*** Opening Source data ***

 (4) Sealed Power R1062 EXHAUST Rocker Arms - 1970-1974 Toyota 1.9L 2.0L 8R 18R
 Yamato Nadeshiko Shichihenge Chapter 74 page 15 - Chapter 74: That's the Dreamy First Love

*** Closing Source data ***
*** Opening Source data ***

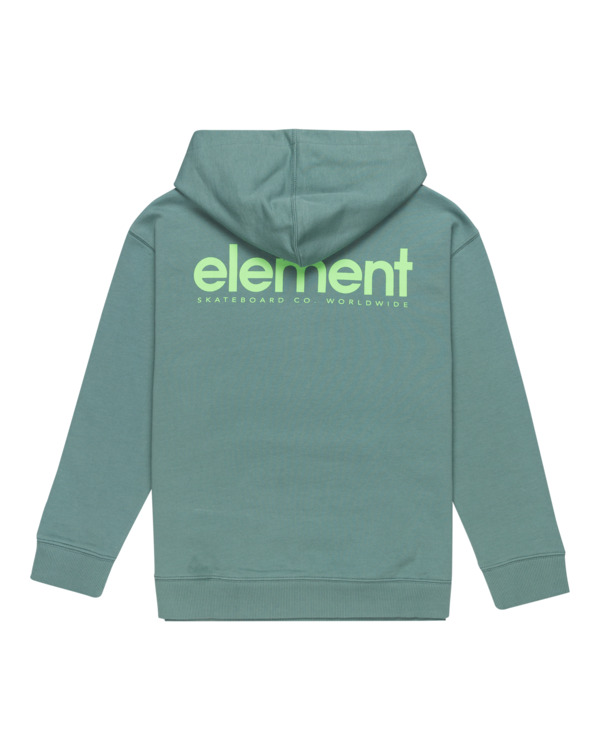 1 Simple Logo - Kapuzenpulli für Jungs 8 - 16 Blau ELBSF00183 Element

*** Closing Source data ***
*** Opening Source data ***

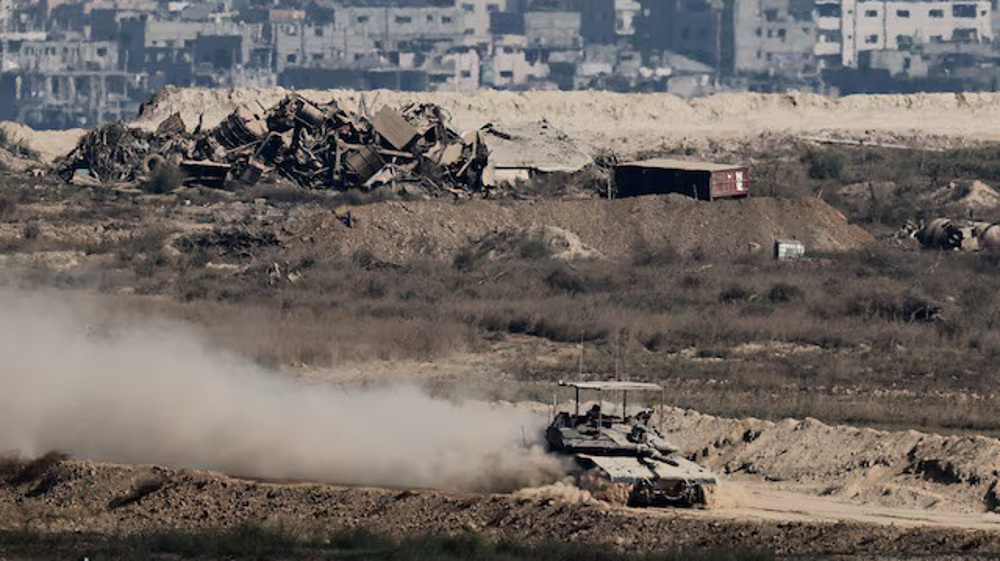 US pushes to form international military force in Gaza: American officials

*** Closing Source data ***

After locating the line holding "(4) Sealed Power" above, output exactly that line and every line after it through the line holding "Yamato Nadeshiko Shichihenge". Include nothing else.

 (4) Sealed Power R1062 EXHAUST Rocker Arms - 1970-1974 Toyota 1.9L 2.0L 8R 18R
 Yamato Nadeshiko Shichihenge Chapter 74 page 15 - Chapter 74: That's the Dreamy First Love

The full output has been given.